E o pessoal de Quimbele e do
Quitari, também participou na missa? — estão agora vocês a
perguntar-me, pensando que me esqueci deste pormenor.
Não me esqueci de nada. Não
voltei a falar deste pessoal, porque, como é lógico, cumpridas as
missões e com os estômagos confortavelmente tratados com o leitão
assado, que estava ainda melhor que da primeira vez, cada um dos
grupos regressou à respectiva casa, antes que ficasse de noite.
— No teu relato não nos
disseste se o capelão ficou satisfeito com o leitão.
— Como não disse? É
preciso explicar tudo? Precisam de todos os pormenores? Não referi
as exclamações de prazer do pessoal ao trincar os pedaços
estaladiços dos animais, porque não é preciso. Basta que vocês aí,
na metrópole, imaginem como é, quando se banqueteiam com uma
ementa como esta. Por isso, saltei as conversas durante o almoço e
passei logo para a bica. É mais do que suficiente para sabermos que
não houve ninguém que não tivesse ficado satisfeito com a almoçarada.

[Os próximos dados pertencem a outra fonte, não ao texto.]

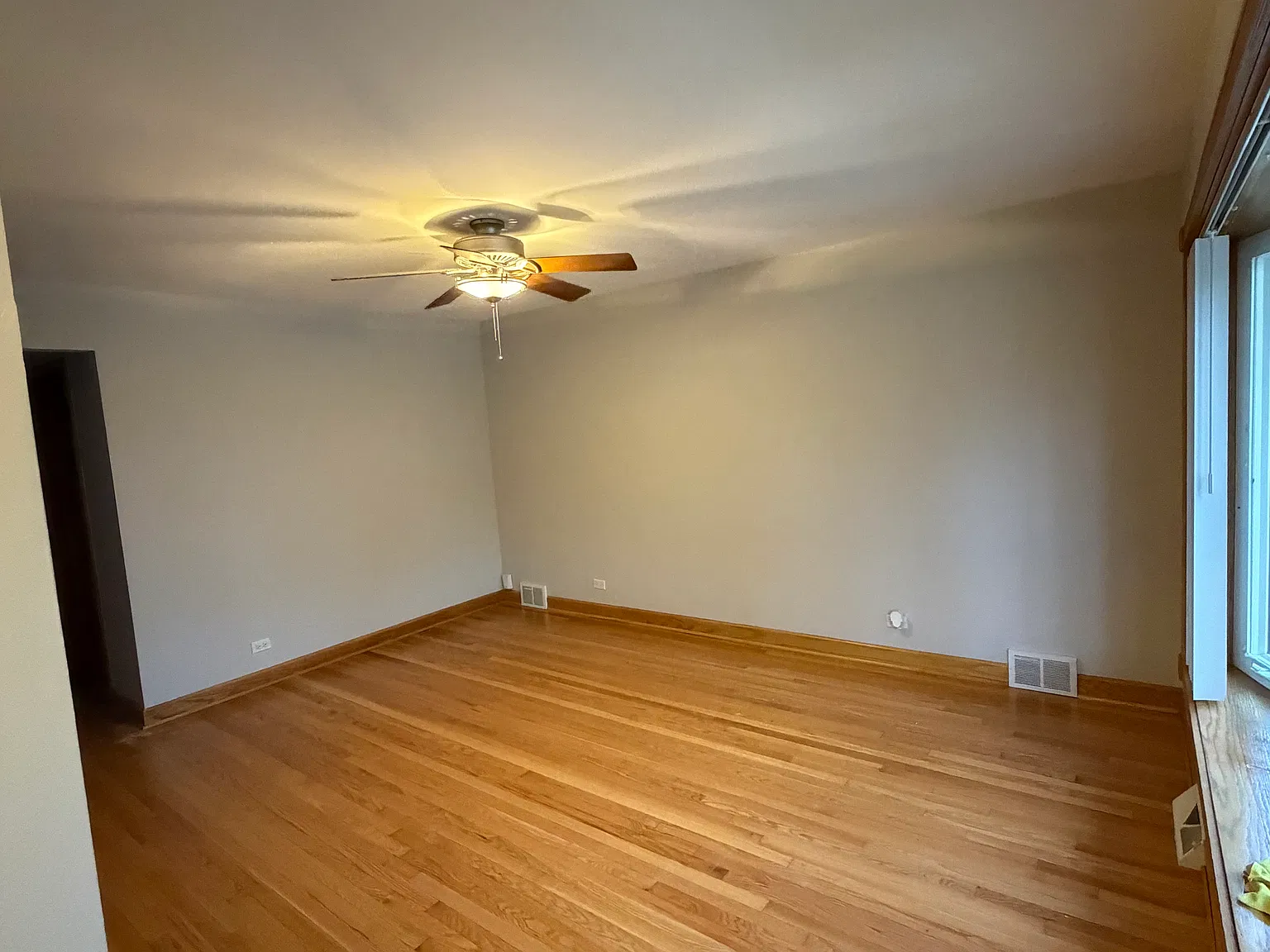 5 bed, 1600 sqft, $3,200 — Photo 2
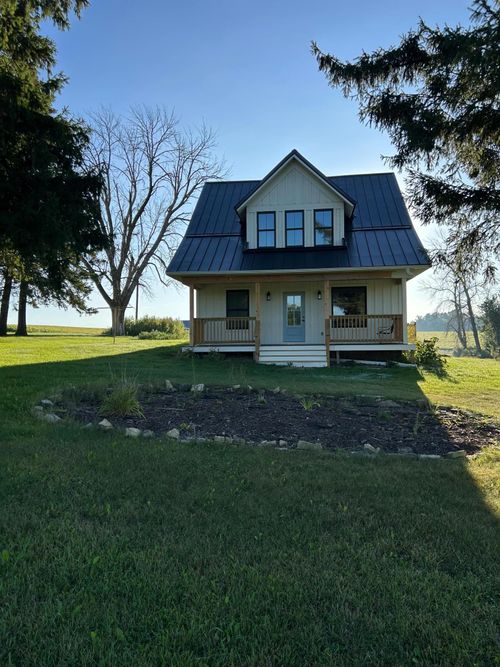 N3864 County Road Zz, ARKANSAW, WI, 54721-8413 | Card Image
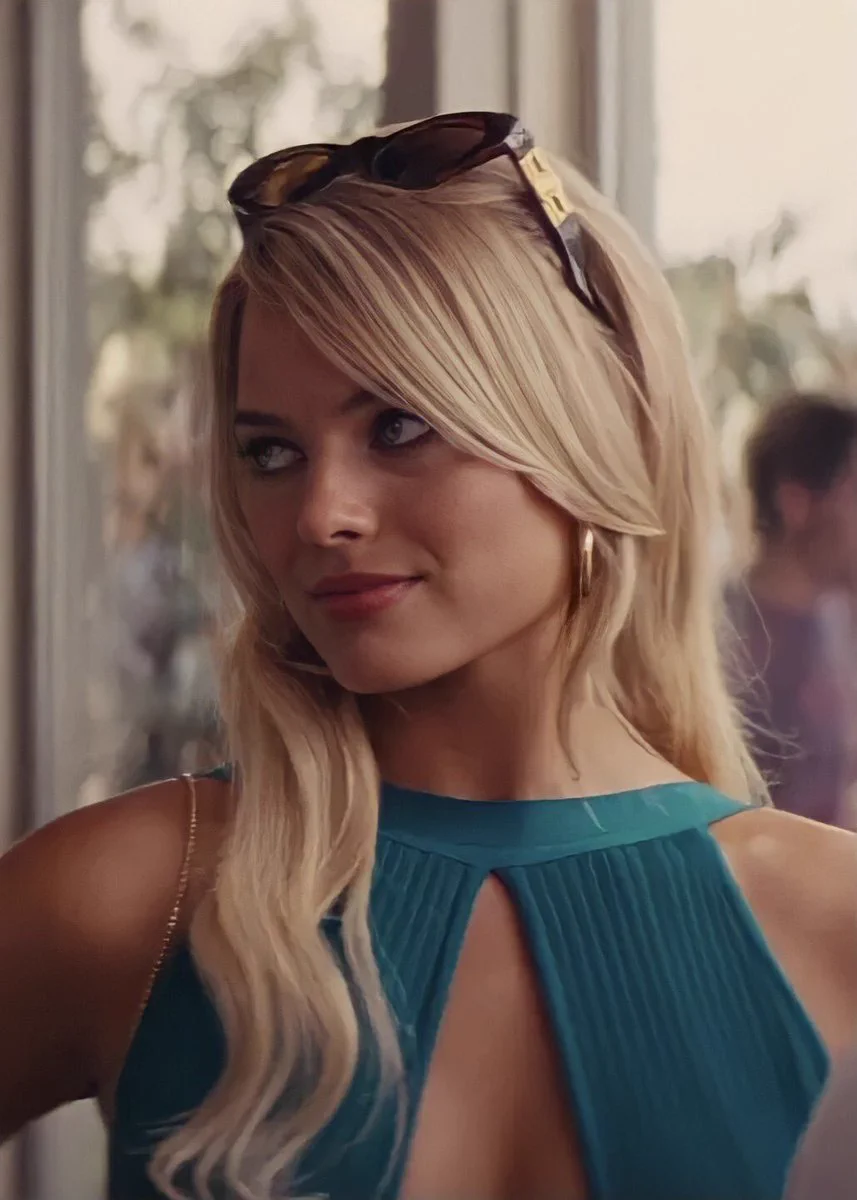 naomi blue dress wolf of wall street cinesthetic. on X: 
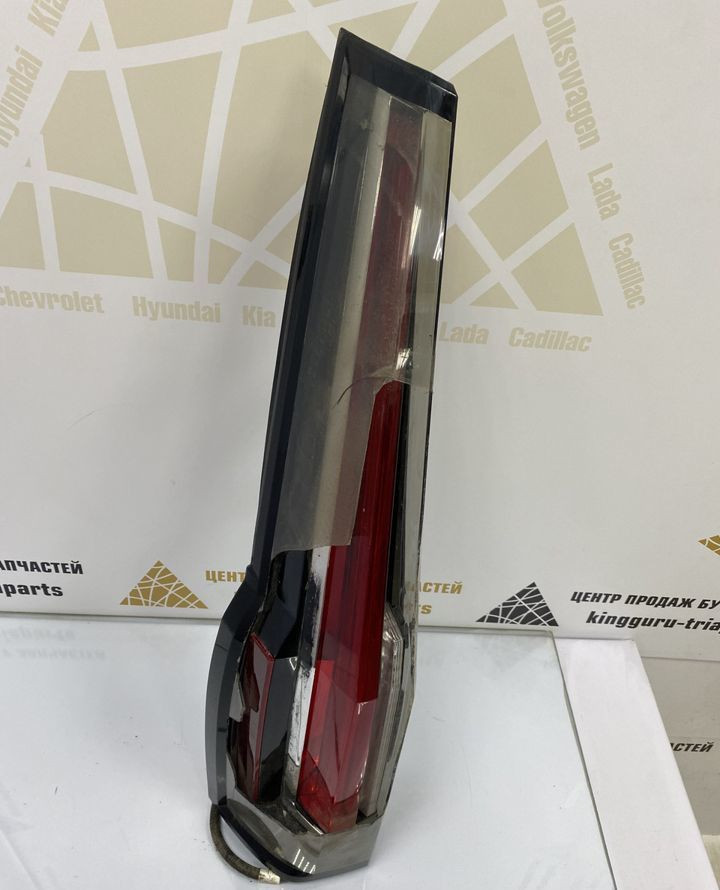 Фонарь задний левый Cadillac Escalade 4 2015 oem 84211922 Фонарь задний левый Cadillac Escalade 4 2015 oem 84211922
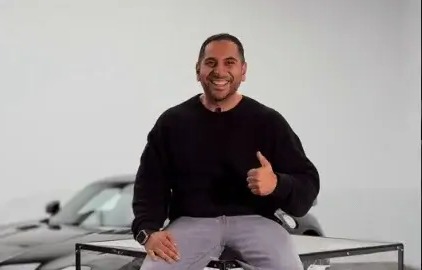 Omid Mouazzen Vermögen – Karriere, Luxusautos, Einkommen & finanzieller Erfolg im Überblick Omid Mouazzen Vermögen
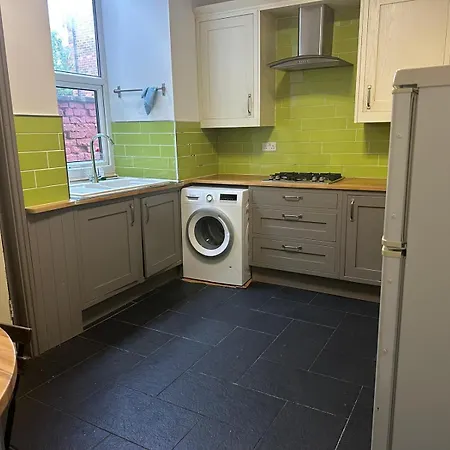 بيت ضيافة 5 Bedrooms In The Heart Of Salford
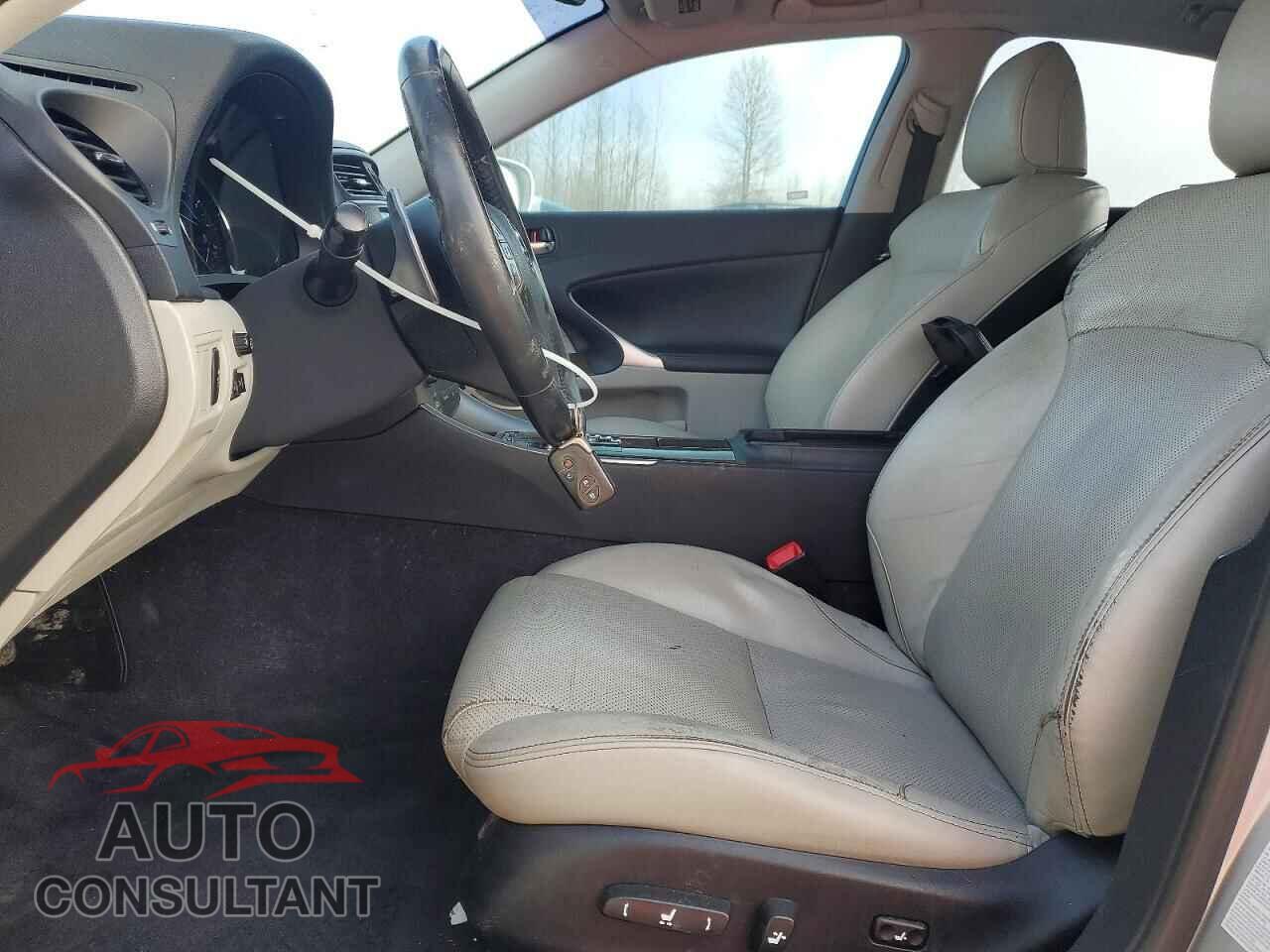 LEXUS IS 2012 - JTHBF5C21C5179091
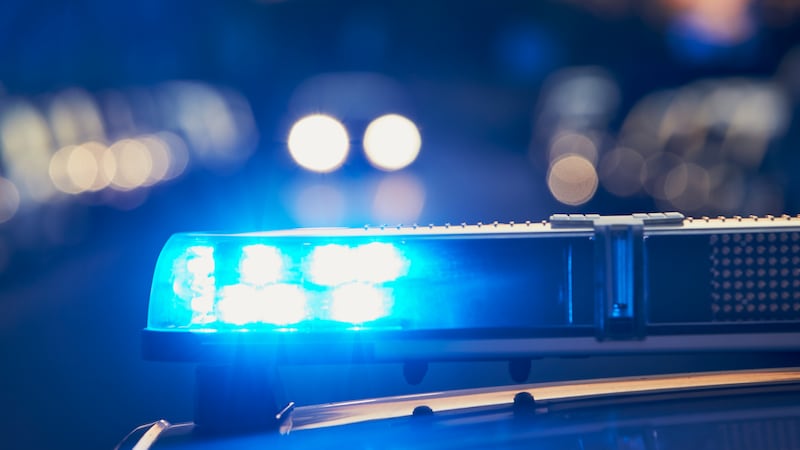 La policía respondió a varios reportes sobre un tirador activo en el Walmart, pero resultó un...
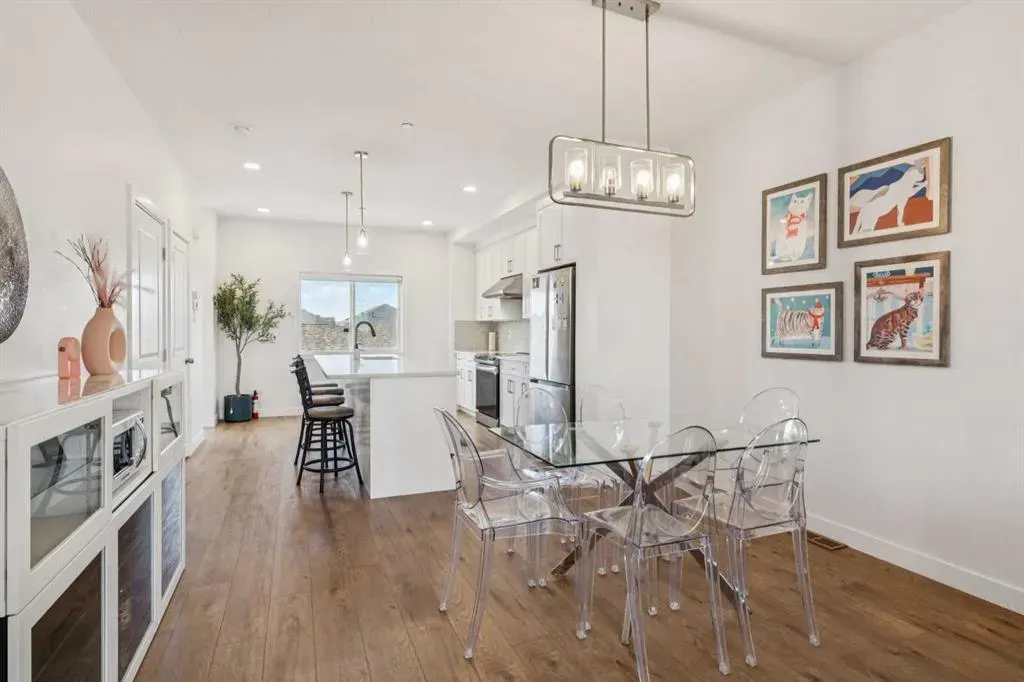 259 Lucas Boulevard NW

Por que razão acham que o capelão, e eu também, quisemos dormir
uma sesta a seguir ao almoço? Depois de bem comidos e bem bebidos,
mesmo com um café gostoso e forte, a sonolência ataca sempre a
seguir a um bom repasto. É o sintoma de estômagos repletos e o físico
satisfeito. Para esta almoçarada ficar um espanto, só cá me
faltou uma boa charutada, como costumava fazer aos domingos, depois
de um bom almoço em casa dos tios. Curiosamente, lembrei-me, na
altura, do meu tio. Se ele aqui estivesse comigo, não deixaria de
se levantar para ir buscar a caixa dos charutos ou das cigarrilhas.
E teríamos então uma gostosa fumaça a seguir ao café e antes de
batermos, quase sempre, uma sorna, como fazíamos naquelas gostosas
tardes de domingo, em que costumava ir almoçar a casa dos tios e
primas. Não tenho agora esses pequenos prazeres da vida, mas tenho
dentro de mim as boas recordações desses momentos, para amenizar
as saudades. O melhor é deixarmo-nos agora destas recordações. São
demasiado boas e contrastam com a situação em que agora me
encontro. É o que eu digo, se me fazem contar todos os pormenores,
nunca mais chego ao fim dos aerogramas. E ainda tenho muita coisa
para vos contar, porque o resto do domingo foi ainda fértil em
acontecimentos. Logo, não voltem a interromper-me com as vossas
questões. Tenho que acabar o relato da estadia do capelão, para
passar à resposta às perguntas que me fazem nos vossos aerogramas.
Já que me cortaram o fio ao
relato com a vossa pergunta sobre pormenores supérfluos, vou agora
fazer uma breve pausa. Vou buscar mais uma bebida fresca e deitar
uma golada de uísque no copo, para lubrificar a caneta.